Wichita Falls city staff has notified city councilors of cuts – possibly including employees – for the next budget. Revenue is down — staff cuts and possible fee hikes could be options.
“The solution is tough because without growth, you really have to start cutting back,” councilor and mayoral candidate, Stephen Santellana, said. “You can only do so much with so much money.”
District One Councilor Stephen Santellana is running to become the next mayor of Wichita Falls in November.
“There’s not this pot of magic money, so what you have to do is you’re going to have to expand your city somehow and your tax base and that’s where your real tax dollars are going to come from,” Santellana said. “And that’s going to help all of the issues that we’re having right now.”
Jesse Brown is running for the District Four Councilor position and said other options should be explored before looking at tax hikes.
“I’m not saying that we need an increase, but we need to look at those areas and determine…. if we need to make some cuts elsewhere in the budget,” Brown said.
He said tax increases should not be the first thing city leaders look toward.
“Over the years, tax increases are just a part of life and that’s the citizens investment in the city.
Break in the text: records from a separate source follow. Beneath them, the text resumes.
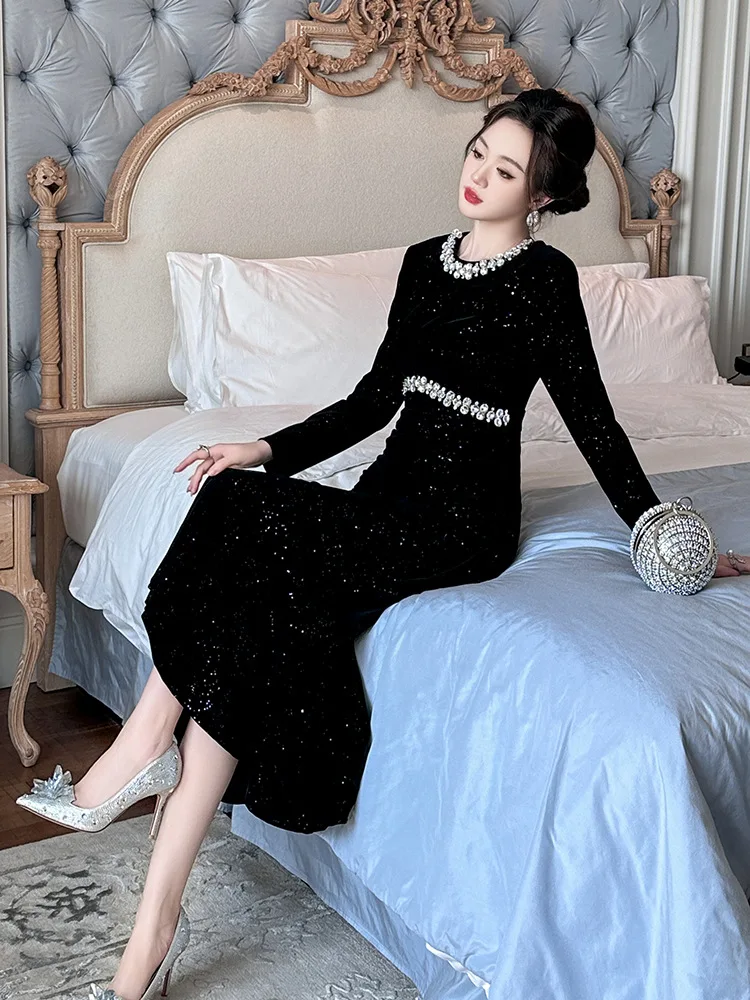 ชุดราตรีผู้หญิงสีดำ คอทรงโอ ทรงเข้ารูป ปลายหางปลา ยาว หรูหรา สง่างาม แฟชั่นสำหรับงานปาร์ตี้ งานพรอม ชุดเดรสออกงาน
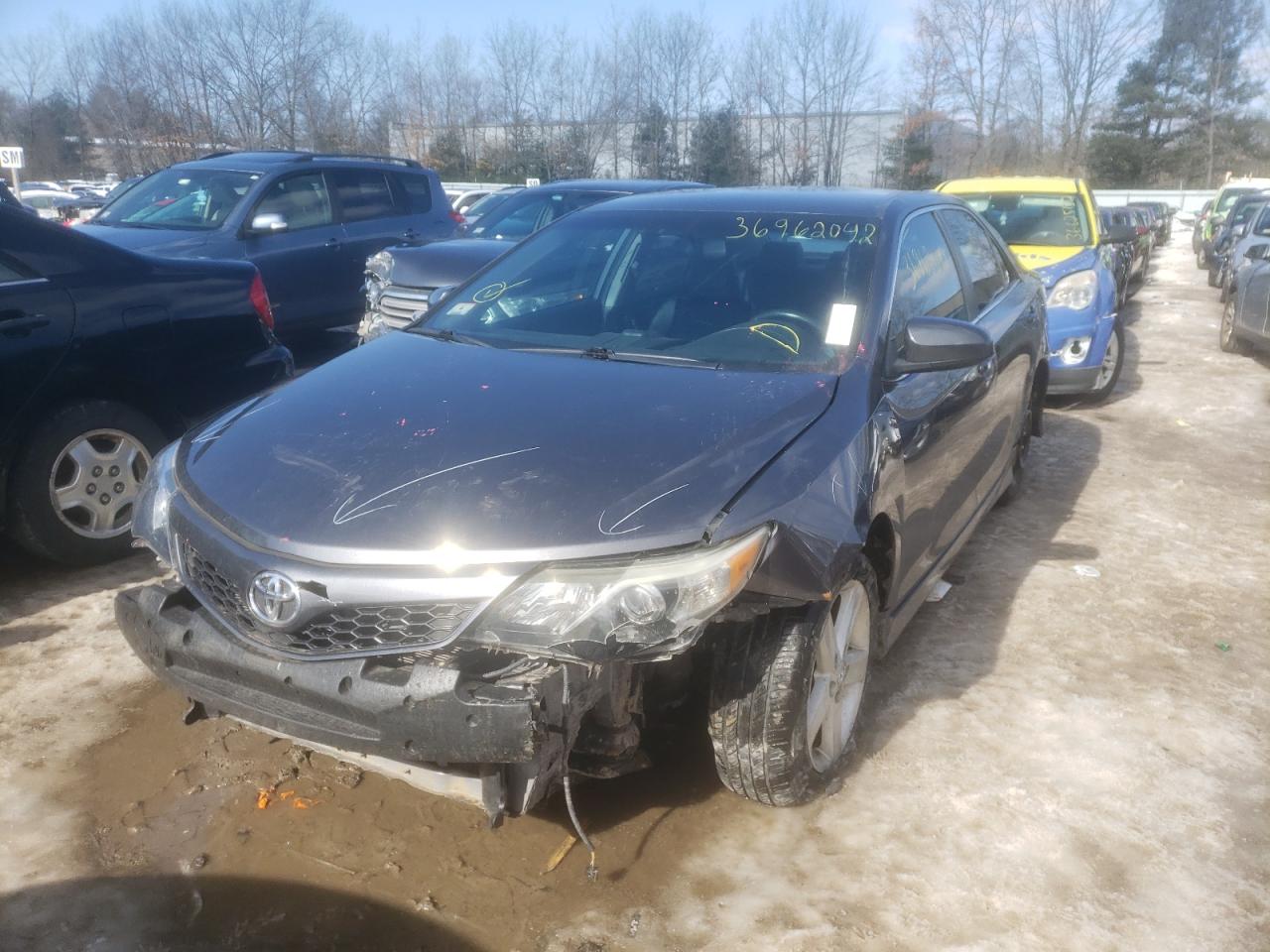 Photo 2 from auction – 2014 TOYOTA CAMRY L with VIN 4T1BF1FK7EU349304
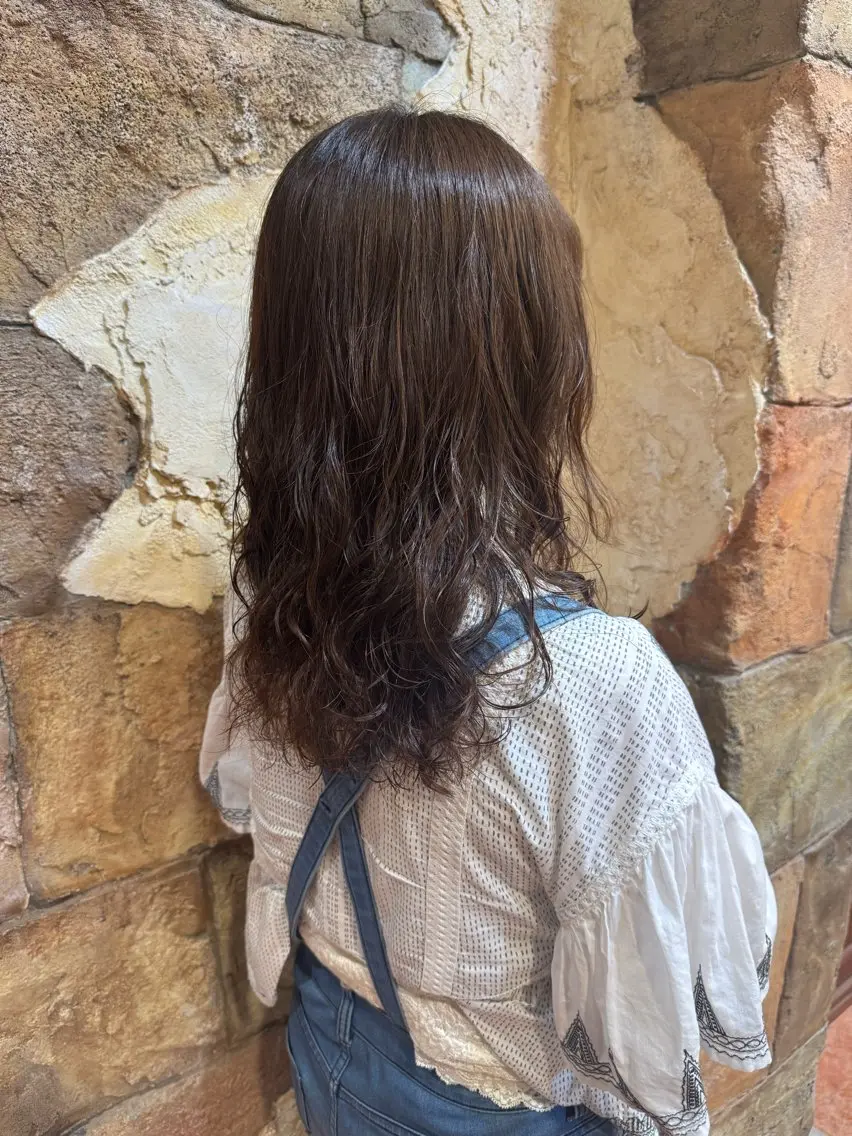 セミロング パーマ CREDGARDEN 入江 遥香のヘアスタイル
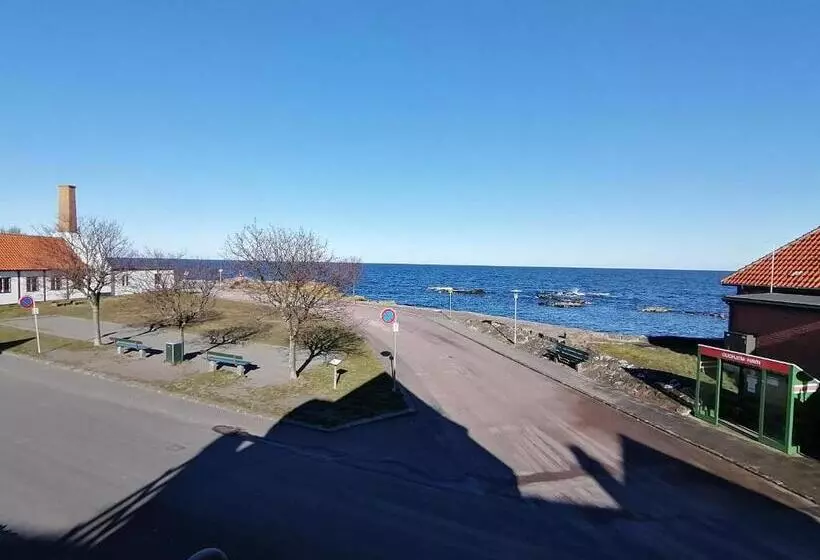 Gudhjem Vandrerhjem / Gudhjem Hostel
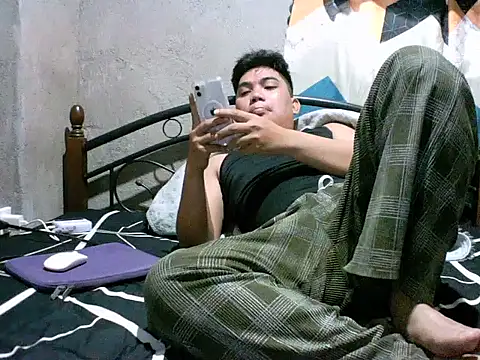 alhex gay26 online show from April 10, 9:30 pm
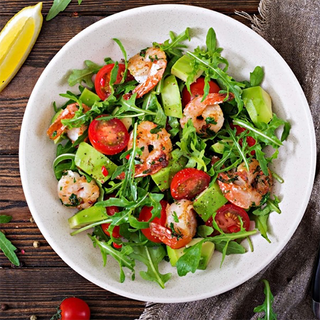 Ensalada marinera, Con gulas, langostinos y pimientos del piquillo para 2
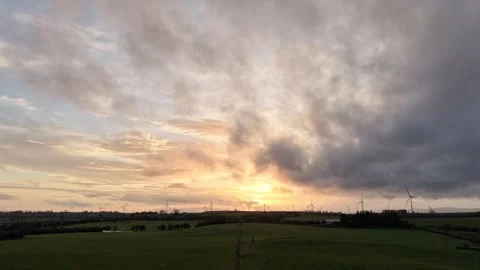 4K Hyperlapse of Dramatic Sunset Clouds Vídeos de archivo 333927949
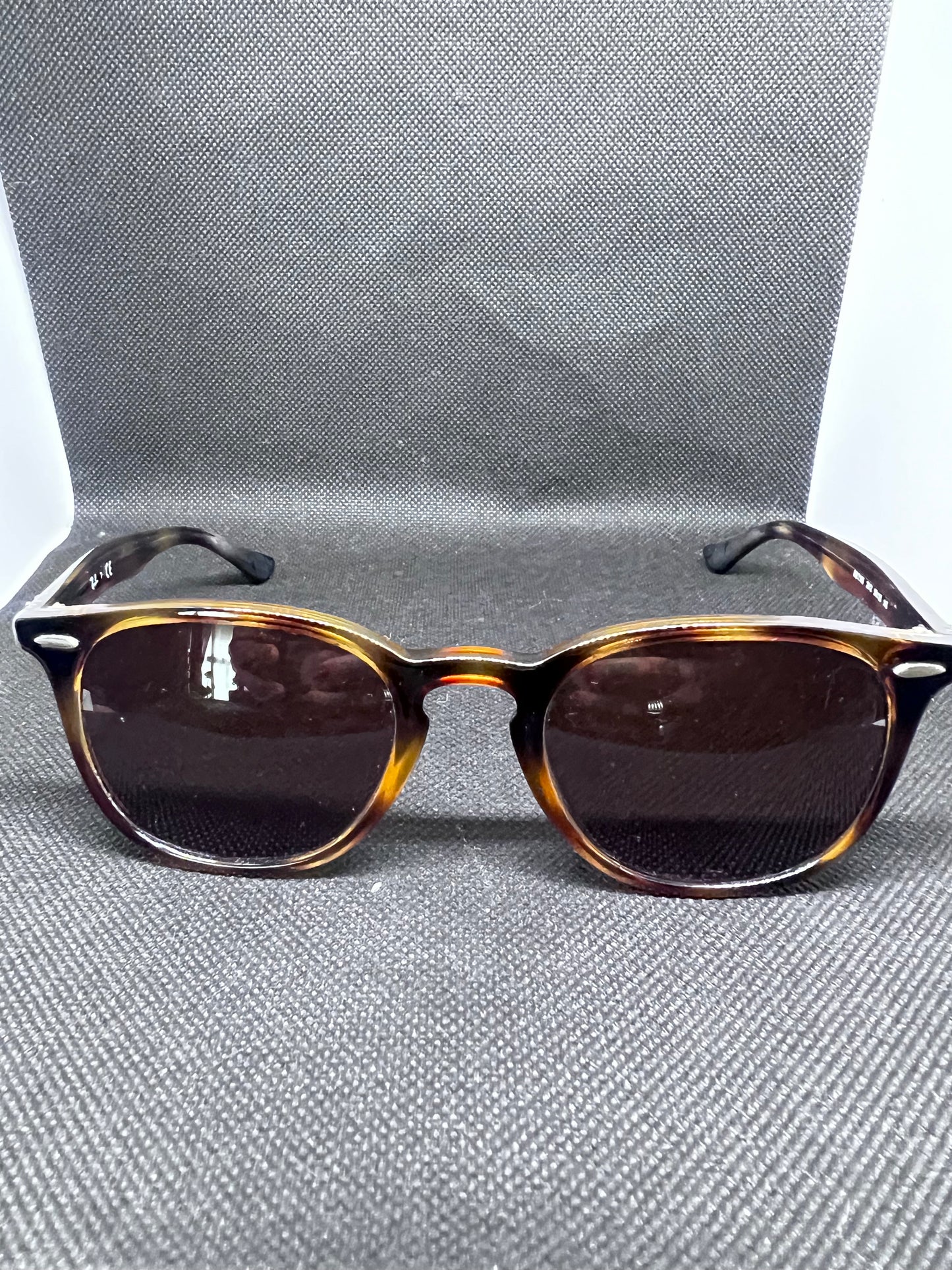 Ray Ban 4259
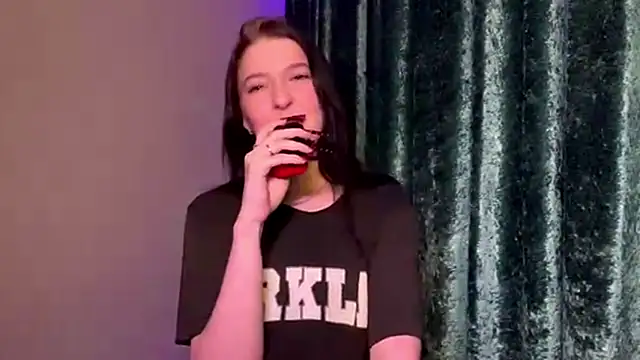 Sarahsolara online show from March 11, 2026, 5:19 pm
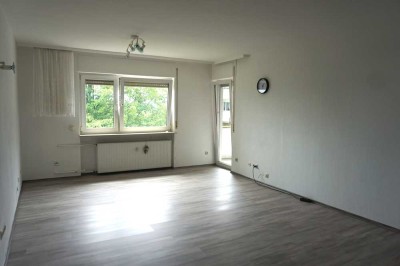 ***Dreieich/Götzenhain*** helle 3-Zimmerwohnung mit Süd-Balkon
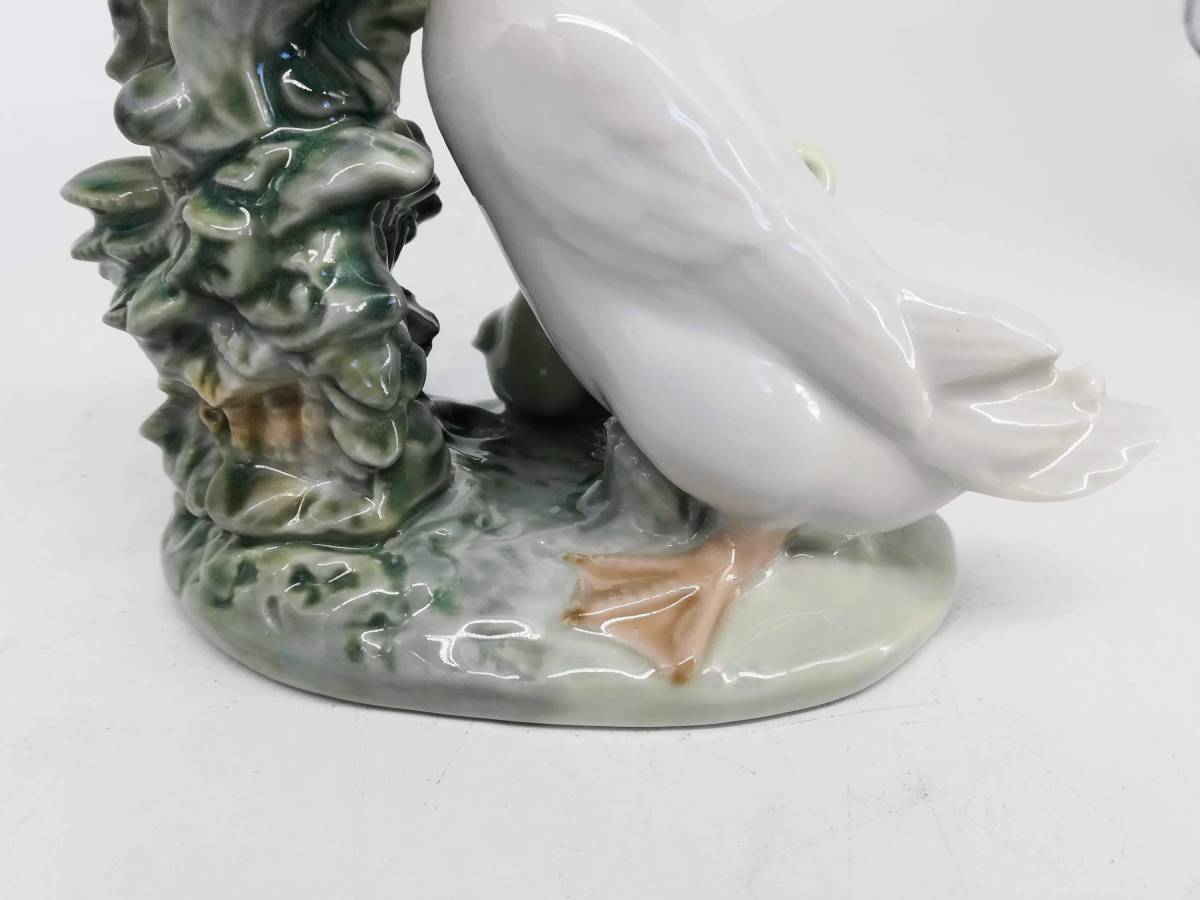 リャドロ　Lladro 陶器人形　カタツムリとアヒルたち かたつむりとアヒルたち | リヤドロ公式オンライン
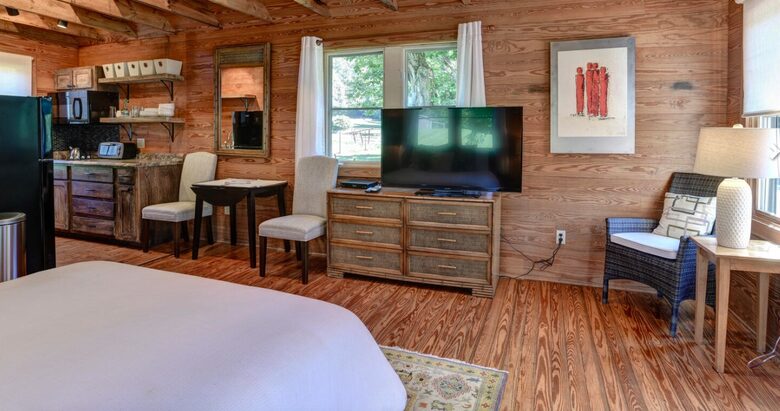 Oxbow Luxe Modern Farmhouse - near Asheville - Weaverville, North Carolina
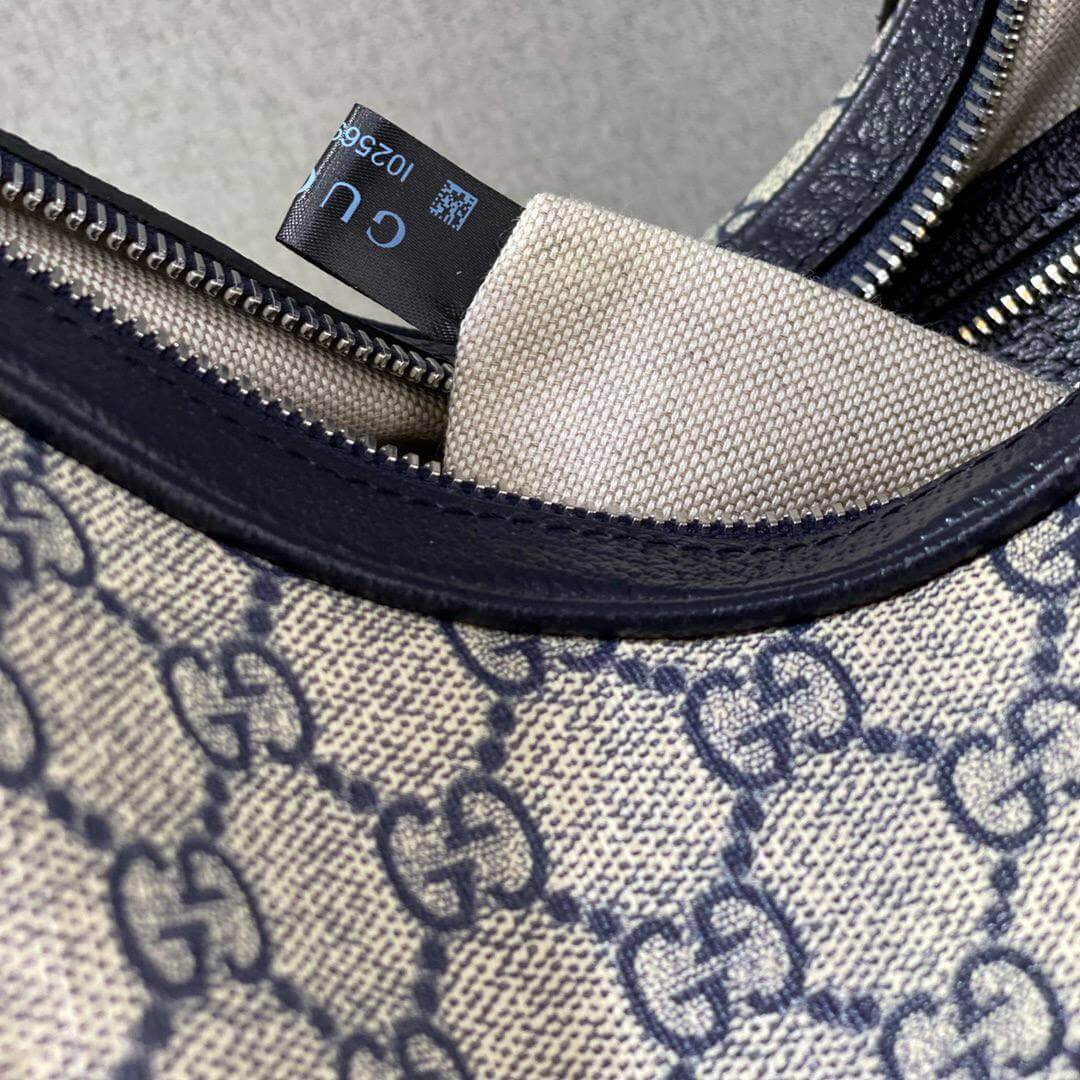 Gucci Attache small shoulder bag Beige and blue GG Supreme canvas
In the future, there will have to be tax increases, but if we can avoid those right now, that’s what we are going to do,” Brown said.
Santellana said raising the local sales tax is not an option.
The state sales tax is at 6.25 percent. Cities are allowed up to two percent over that and Wichita Falls is at 8.25 percent.
Brown said there are things that can be done to increase tax revenue, besides raising the taxes.
“If we can bring in new businesses and grow our economic development and bring more people into this city and everyone will spend more and we keep them here,” Brown said.
Brown and Santellana said one thing that could be hampering revenue growth is Wichita Falls’ proximity to the metroplex. Many shoppers take their dollars, and the sales taxes, there.
Santellana also mentioned the stagnant population growth and the oil industry taking a hit as additional reasons for the revenue shortfall.
“Economies go up and down and Wichita Falls is not immune to that,” Santellana said. “But I think in your 2017-2018 — the next two to four years I think we are going to see a huge swing.”
But Santellana said he is hopeful the last three months for sales tax revenue will improve. Current District Four Councilor, Tim Ingle, said when revenues do not come in like expected, the city either has to cut costs or increase revenue with tax or rate increases. He also wants to ensure that critical functions and jobs with the city remain well staffed.